Coloured with the brush of nature.

Painted with the brush of nature, Margaree’s allure is irresistible.

 

Soaring Eagles, Leaping Salmon & Cinnamon Buns

Mid adventure break.

A mid adventure stop along a calm pool of the Margaree River. Fresh cinnamon buns were a tasty treat after the excitement of gentle rapids, soaring eagles and leaping salmon.

Happy paddler.

The smile says it all!

 

Jeremy’s CB West Paddle Boards also runs tours at Margaree Harbour and Cheticamp and offers rentals at the Cheticamp beach.

Local Gastronomy

Afterward, we repaired to The Lakes Restaurant in North East Margaree for a nice family-style meal with local friend Hilda Murphy and wine afterward around Hilda’s roaring fire pit.

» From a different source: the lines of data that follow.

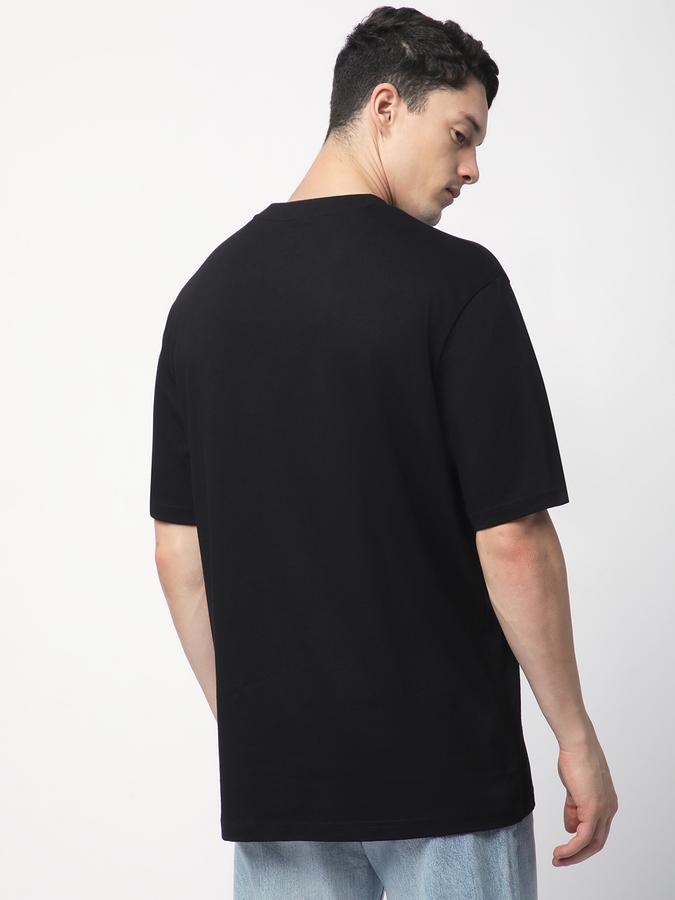 Men Cotton Relaxed Fit Crew Neck Typographic T-shirt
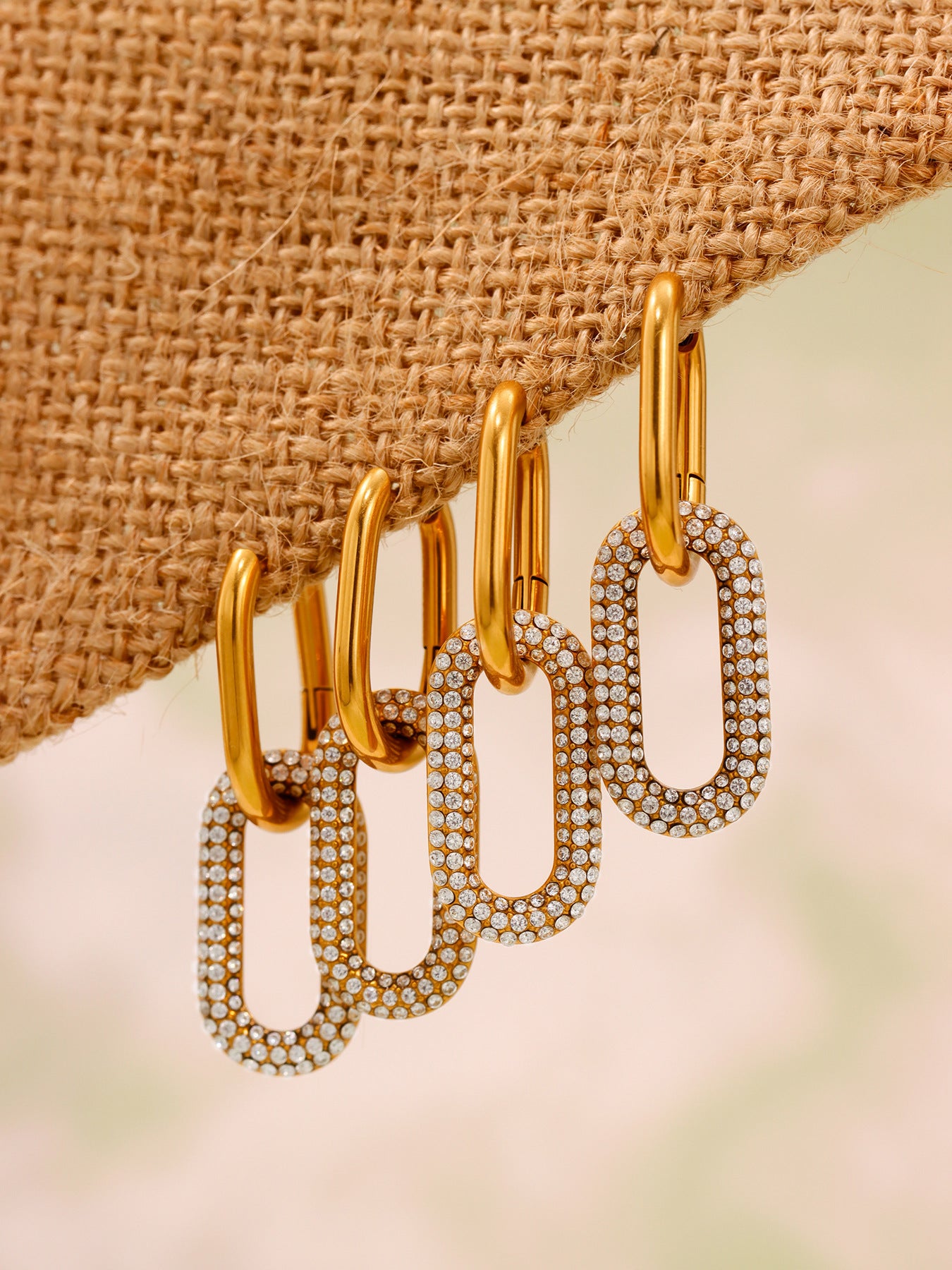 Gold Oval Zircon Dangle Earrings – Elegant Stainless Steel Full Zircon Hoop Earrings for Women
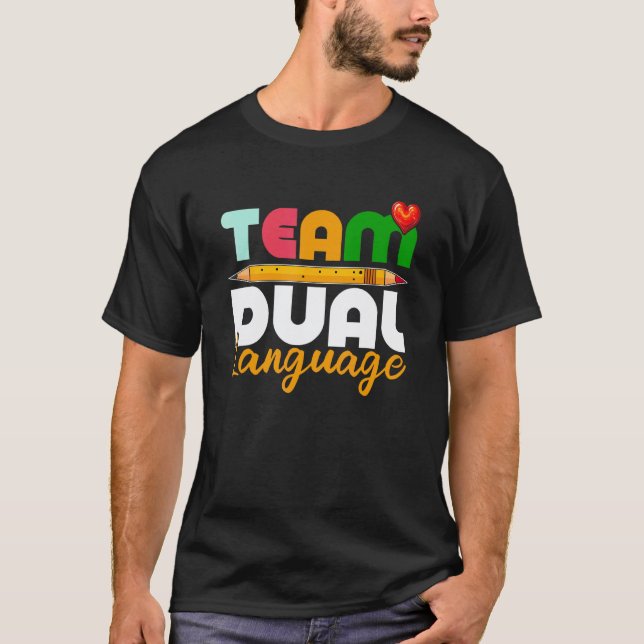 Camiseta Professores de Idiomas Duplos de Volta ao Esquadrã (Frente)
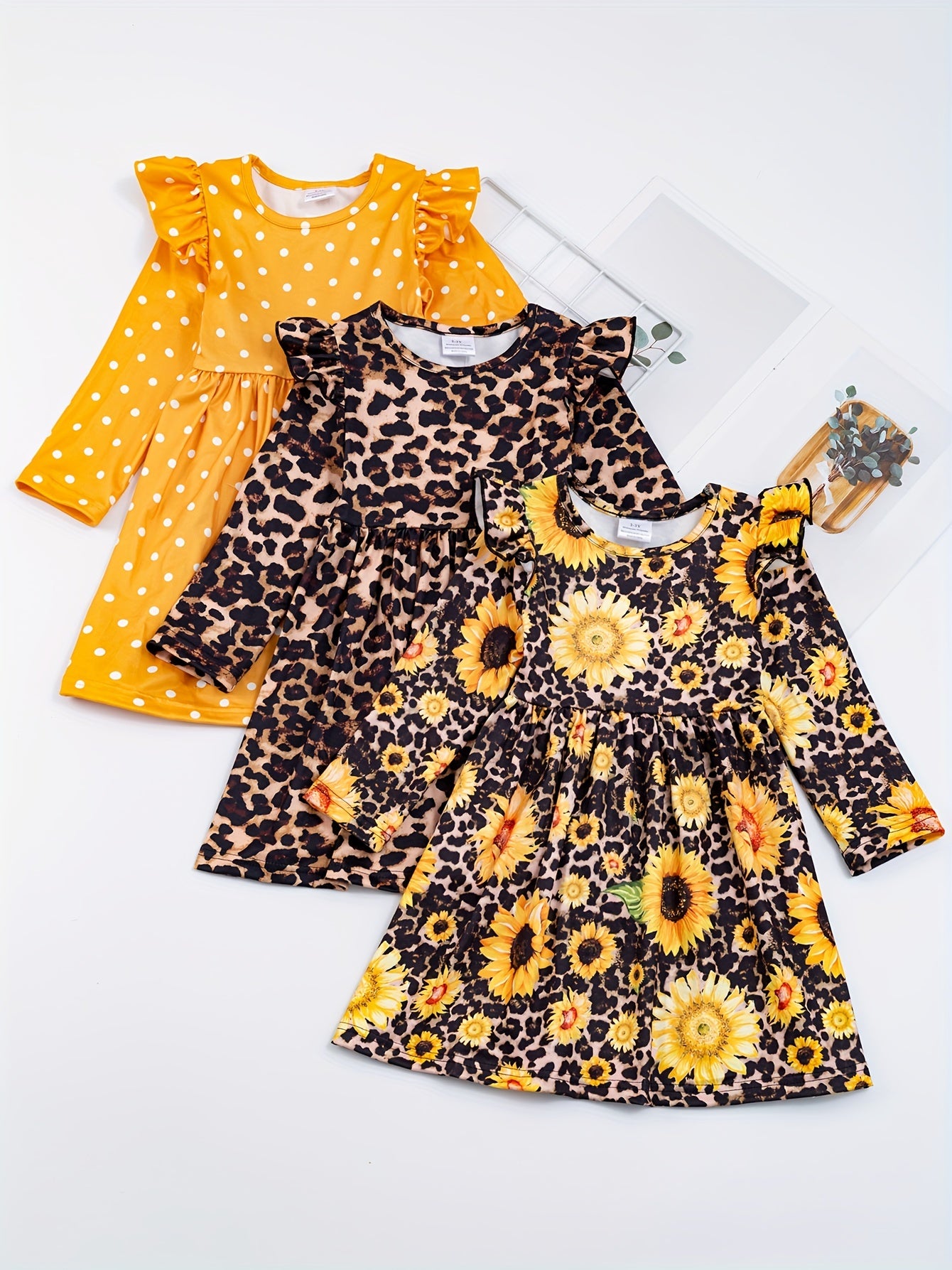 3pcs/set Toddler Girls Ruffled Sleeves Round Neck Polka Dot Leopard And Sunflower Graphic Princess Dress For Party Kids Summer Clothes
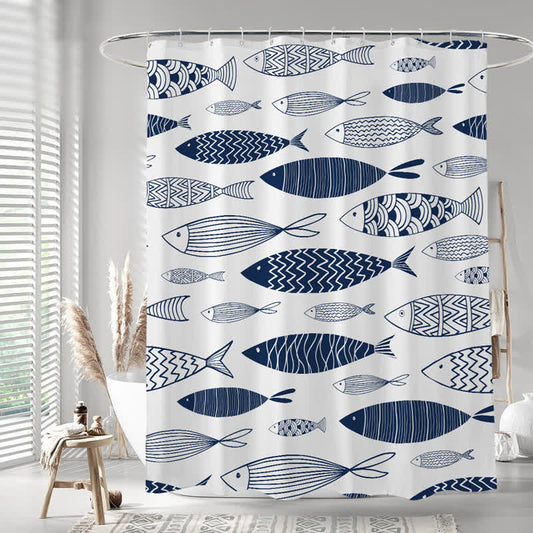 Cute Fish Waterproof Shower Curtain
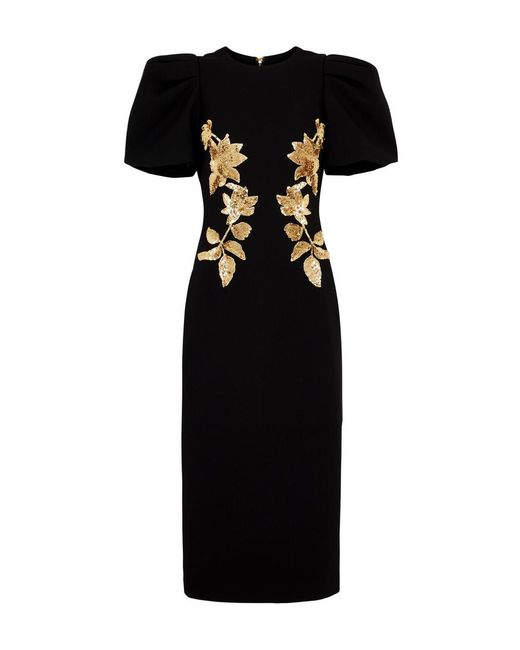 Rebecca Vallance Black Versailles Sequin-embellished Midi Dress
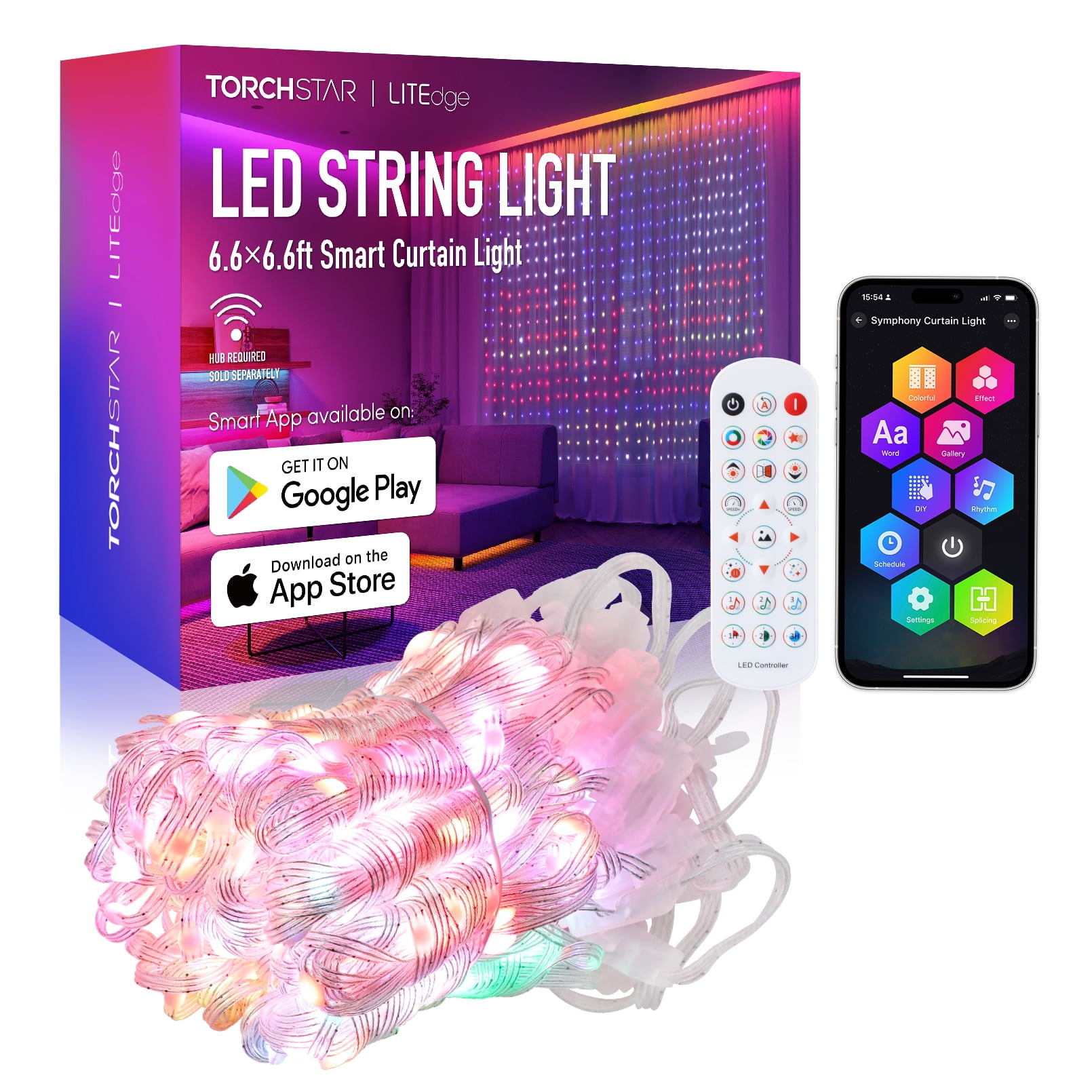 2 Pack Smart Curtain Light for Garage, Restaurant, Camping, Color Changing Wall Lights, Group Control, 400LED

A local eating gem is The Dancing Goat in Margaree, which was crowded Sunday morning with devotees noshing on menu items like blueberry pancakes and sausage or the Goat’s special oatmeal (Goatmeal?) in a sunny setting.

Breakfast

 

 

Meantime in nearby Baddeck, you might want to be enticed by the meals and baked goods at the Highwheeler Cafe & Bakery, which makes killer oatcakes and cinnamon buns. A must-visit is the Alexander Graham Bell National Historic Site, which features a museum showcasing the inventor’s breadth of work. Bell also developed new thinking with airplanes, education for the deaf and artificial respiration.

Red Chairs at the Alexander Graham Bell National Historic Site.

Enjoying the views of the Kidston Island Lighthouse from Parks Canada’s red chairs at the Alexander Graham Bell National Historic Site in Baddeck, Nova Scotia.

 

It was tough to break away from Cape Breton’s rugged charm, but the pace we had set was unrelenting — 17 more paddles to go!